Utility classes and functions for running and designing experiments.

recursive_update#

recursive_update(original: Union[Dict, collections.abc.MutableMapping], update: Union[Dict, collections.abc.MutableMapping])

[view_source]

Recursively updates original dictionary with entries form update dict.

Parameters

  • original : Original dictionary to be updated.
  • update : Dictionary with additional or replacement entries.

Returns

Updated original dictionary.

Builder#

class Builder(tuple,  typing.Generic[ToBuildType])

[view_source]

Used to instantiate a given class with (default) parameters.

Helper class that stores a class, default parameters for that class, and key word arguments that (possibly) overwrite the defaults.

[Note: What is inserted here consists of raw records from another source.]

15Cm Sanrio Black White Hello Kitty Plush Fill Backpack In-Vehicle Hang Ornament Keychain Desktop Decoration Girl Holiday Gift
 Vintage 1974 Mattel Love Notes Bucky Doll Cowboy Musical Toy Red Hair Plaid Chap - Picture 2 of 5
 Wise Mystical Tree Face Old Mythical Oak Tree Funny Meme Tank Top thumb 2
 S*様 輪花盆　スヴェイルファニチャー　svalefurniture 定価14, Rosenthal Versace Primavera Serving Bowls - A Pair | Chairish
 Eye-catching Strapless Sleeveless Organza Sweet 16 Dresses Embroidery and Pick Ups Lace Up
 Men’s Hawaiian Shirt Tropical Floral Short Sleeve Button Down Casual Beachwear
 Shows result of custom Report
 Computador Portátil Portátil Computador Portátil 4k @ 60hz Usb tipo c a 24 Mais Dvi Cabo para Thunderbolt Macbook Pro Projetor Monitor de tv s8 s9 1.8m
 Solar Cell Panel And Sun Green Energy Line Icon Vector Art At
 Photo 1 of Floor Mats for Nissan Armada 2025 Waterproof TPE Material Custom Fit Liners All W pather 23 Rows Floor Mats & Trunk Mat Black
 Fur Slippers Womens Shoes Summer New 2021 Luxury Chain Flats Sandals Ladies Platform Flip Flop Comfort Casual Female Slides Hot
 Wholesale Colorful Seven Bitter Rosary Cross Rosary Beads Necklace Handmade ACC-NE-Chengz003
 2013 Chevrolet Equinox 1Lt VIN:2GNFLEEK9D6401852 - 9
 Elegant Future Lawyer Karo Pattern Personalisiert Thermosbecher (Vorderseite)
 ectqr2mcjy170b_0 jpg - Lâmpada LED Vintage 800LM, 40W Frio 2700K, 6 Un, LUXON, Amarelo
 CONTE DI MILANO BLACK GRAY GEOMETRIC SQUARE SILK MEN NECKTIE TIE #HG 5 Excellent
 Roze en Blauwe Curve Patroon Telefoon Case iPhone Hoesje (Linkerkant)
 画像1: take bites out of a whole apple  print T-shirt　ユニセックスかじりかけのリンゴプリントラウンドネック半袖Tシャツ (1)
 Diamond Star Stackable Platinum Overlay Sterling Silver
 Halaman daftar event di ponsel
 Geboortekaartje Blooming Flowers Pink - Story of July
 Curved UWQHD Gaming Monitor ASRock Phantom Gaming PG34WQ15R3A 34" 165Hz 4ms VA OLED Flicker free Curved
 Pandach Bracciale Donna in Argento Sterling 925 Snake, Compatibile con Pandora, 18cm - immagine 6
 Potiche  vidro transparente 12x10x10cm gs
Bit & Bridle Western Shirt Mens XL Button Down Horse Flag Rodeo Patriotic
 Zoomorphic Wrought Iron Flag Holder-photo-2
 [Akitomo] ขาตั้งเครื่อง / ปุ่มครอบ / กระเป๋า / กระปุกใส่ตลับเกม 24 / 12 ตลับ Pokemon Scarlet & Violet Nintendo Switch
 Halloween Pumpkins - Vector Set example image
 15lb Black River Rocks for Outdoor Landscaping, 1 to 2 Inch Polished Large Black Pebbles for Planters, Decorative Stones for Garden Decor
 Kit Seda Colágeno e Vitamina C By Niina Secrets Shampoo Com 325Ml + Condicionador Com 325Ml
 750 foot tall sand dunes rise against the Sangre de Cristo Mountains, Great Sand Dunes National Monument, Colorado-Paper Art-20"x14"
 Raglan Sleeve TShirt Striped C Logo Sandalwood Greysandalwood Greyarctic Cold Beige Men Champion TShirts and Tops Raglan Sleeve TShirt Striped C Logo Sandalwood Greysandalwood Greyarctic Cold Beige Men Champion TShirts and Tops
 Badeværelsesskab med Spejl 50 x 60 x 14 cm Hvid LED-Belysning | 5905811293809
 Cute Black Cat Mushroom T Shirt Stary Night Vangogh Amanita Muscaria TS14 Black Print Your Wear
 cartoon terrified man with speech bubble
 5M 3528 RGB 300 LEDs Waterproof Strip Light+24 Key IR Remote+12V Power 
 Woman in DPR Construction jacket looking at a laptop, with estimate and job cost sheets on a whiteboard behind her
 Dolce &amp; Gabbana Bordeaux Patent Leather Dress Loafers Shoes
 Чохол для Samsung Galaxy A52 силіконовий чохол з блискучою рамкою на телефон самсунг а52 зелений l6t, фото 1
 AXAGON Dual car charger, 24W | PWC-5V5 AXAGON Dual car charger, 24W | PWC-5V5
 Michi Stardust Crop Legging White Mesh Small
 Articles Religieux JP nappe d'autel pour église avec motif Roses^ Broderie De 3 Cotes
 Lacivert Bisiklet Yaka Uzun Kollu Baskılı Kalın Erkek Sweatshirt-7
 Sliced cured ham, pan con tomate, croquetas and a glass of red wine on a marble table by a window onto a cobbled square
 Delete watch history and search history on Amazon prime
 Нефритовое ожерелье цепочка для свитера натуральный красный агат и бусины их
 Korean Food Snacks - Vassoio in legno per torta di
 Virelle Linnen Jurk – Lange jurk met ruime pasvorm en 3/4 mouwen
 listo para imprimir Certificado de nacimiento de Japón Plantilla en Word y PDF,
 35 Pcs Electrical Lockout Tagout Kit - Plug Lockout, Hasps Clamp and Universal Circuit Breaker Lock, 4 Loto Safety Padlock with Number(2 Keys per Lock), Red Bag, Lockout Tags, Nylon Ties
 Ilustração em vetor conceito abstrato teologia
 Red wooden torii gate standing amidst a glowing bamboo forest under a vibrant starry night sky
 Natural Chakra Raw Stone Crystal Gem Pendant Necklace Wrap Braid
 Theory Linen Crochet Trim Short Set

When calling this an object of the Builder class it generates a class of type class_type with parameters specified by the attributes default and kwargs (and possibly additional, overwriting, keyword arguments).

Attributes

  • class_type: The class to be instantiated when calling the object.
  • kwargs: Keyword arguments used to instantiate an object of type class_type.
  • default: Default parameters used when instantiating the class.

Builder.__new__#

 | __new__(cls, class_type: ToBuildType, kwargs: Optional[Dict[str, Any]] = None, default: Optional[Dict[str, Any]] = None)

[view_source]

Create a new Builder.

For parameter descriptions see the class documentation. Note that kwargs and default can be None in which case they are set to be empty dictionaries.

Builder.__call__#

 | __call__(**kwargs) -> ToBuildType

[view_source]

Build and return a new class.

Parameters

  • kwargs : additional keyword arguments to use when instantiating the object. These overwrite all arguments already in the self.kwargs and self.default attributes.

Returns

Class of type self.class_type with parameters taken from self.default, self.kwargs, and any keyword arguments additionally passed to __call__.

ScalarMeanTracker#

class ScalarMeanTracker(object)

[view_source]

Track a collection scalar key -> mean pairs.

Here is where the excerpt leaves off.